En parte del exilio cubano ha tomado fuerza la idea de que 2026 podría convertirse, por fin, en un año decisivo para un cambio de régimen en la Isla.

Sin embargo, esa expectativa convive con una fuerte desconfianza. Muchos cubanoamericanos temen que, si las conversaciones avanzan, sus reclamos queden relegados a un segundo plano.

Durante décadas, el régimen castrista ha sembrado el miedo de que el exilio busque recuperar las propiedades nacionalizadas. (Foto © Periódico Cubano)

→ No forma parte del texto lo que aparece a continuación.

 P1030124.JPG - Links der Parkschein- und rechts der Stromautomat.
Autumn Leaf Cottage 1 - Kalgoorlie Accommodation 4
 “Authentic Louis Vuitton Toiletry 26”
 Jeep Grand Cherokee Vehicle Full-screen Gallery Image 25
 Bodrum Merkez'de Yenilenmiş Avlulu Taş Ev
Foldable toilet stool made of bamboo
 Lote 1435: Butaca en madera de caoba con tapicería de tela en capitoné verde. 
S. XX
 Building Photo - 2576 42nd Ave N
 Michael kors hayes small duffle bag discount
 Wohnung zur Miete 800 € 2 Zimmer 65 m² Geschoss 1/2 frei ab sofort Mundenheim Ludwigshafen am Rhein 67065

La preocupación central es que un posible entendimiento priorice la estabilidad política o los negocios antes que la reparación a quienes fueron despojados por el Estado cubano tras la llegada de Fidel Castro al poder.

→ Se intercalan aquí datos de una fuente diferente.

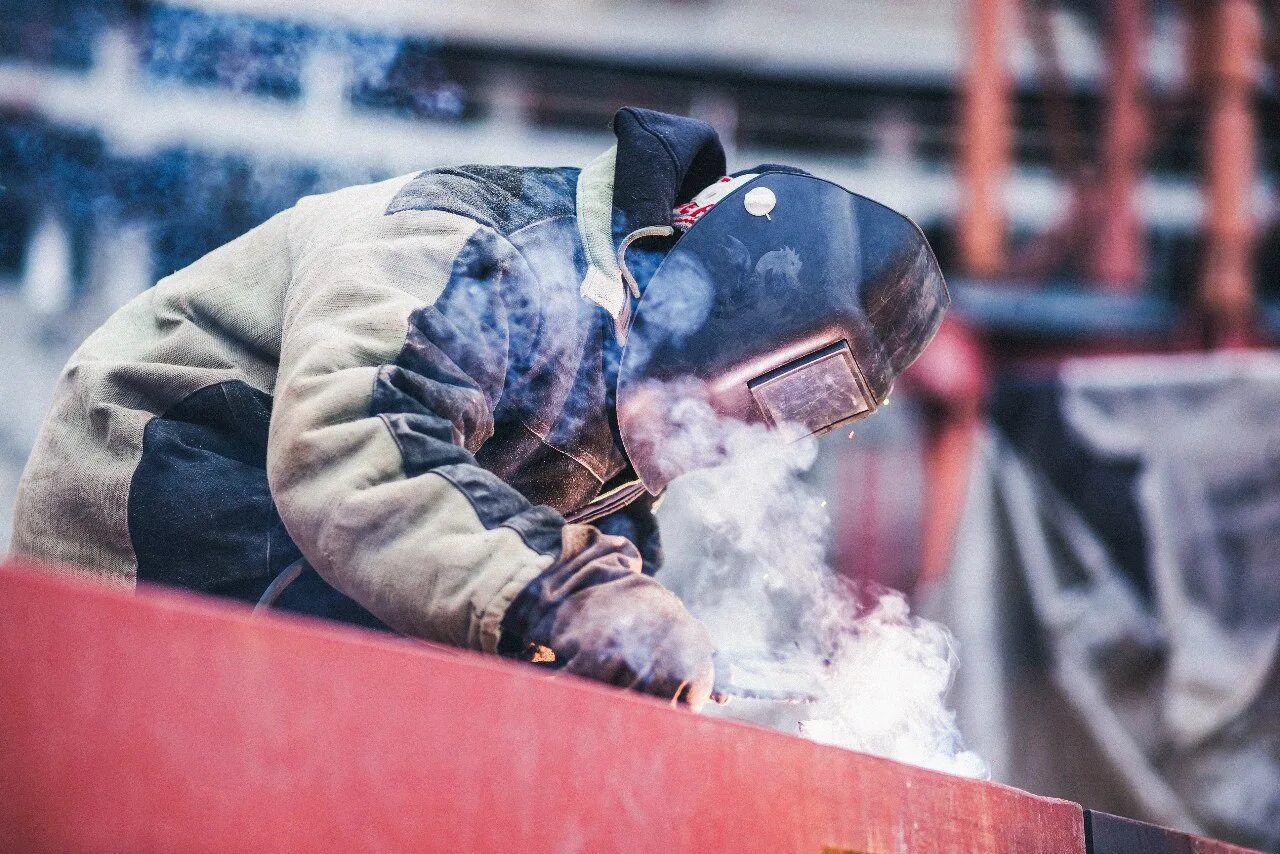 сварка электромонтер. сварка сварщик. специалист сварочного производства. сварщик. сварщик.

Ese escenario recuerda a varios exiliados lo ocurrido en Venezuela. La inquietud es que Washington termine pactando con sectores vinculados al poder, mientras las exigencias de democracia y justicia pierden espacio.

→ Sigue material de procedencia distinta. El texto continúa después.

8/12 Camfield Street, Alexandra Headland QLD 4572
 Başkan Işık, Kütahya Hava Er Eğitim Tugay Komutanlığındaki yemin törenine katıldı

“Espero que no haga lo que hizo en Venezuela, que es mantener a los ladrones en el poder”, dijo Valdés-Fauli, reflejando una desconfianza extendida entre quienes han esperado durante décadas una salida que no los vuelva a marginar.

Uno de los asuntos más sensibles de cualquier eventual negociación sería el enorme volumen de reclamaciones legales. Actualmente, hay cientos de miles de posibles demandas de cubanoamericanos cuyas casas, empresas y tierras fueron confiscadas después de 1959.

Resolver ese universo de casos implicaría una tarea compleja, costosa y políticamente delicada, lo que alimenta la duda sobre si habrá justicia completa o apenas acuerdos parciales.

Entre quienes han mantenido viva esa causa está Nick Gutiérrez, presidente de la Asociación Nacional de Terratenientes Cubanos en el Exilio. En su casa conserva títulos de propiedad envejecidos, fotografías en blanco y negro y libros poco conocidos, entre ellos un ejemplar deteriorado de The Owners of Cuba, 1958, que documenta las 550 mayores fortunas tomadas por la revolución.

Gutiérrez asesora a familias del exilio sobre cómo buscar compensación por la colectivización forzada. Durante años, esa labor se movió en los márgenes legales porque no existía una expectativa real de que Cuba pagara por lo confiscado.

“Mucho de eso cayó en oídos sordos”, afirmó, al describir una batalla larga y solitaria que ahora, por primera vez en décadas, vuelve a parecer posible.

La reaparición de estas historias confirma que el exilio cubano no solo mira hacia un posible cambio político, sino también hacia una deuda material y moral acumulada desde 1959. Pero la esperanza no despeja la incertidumbre.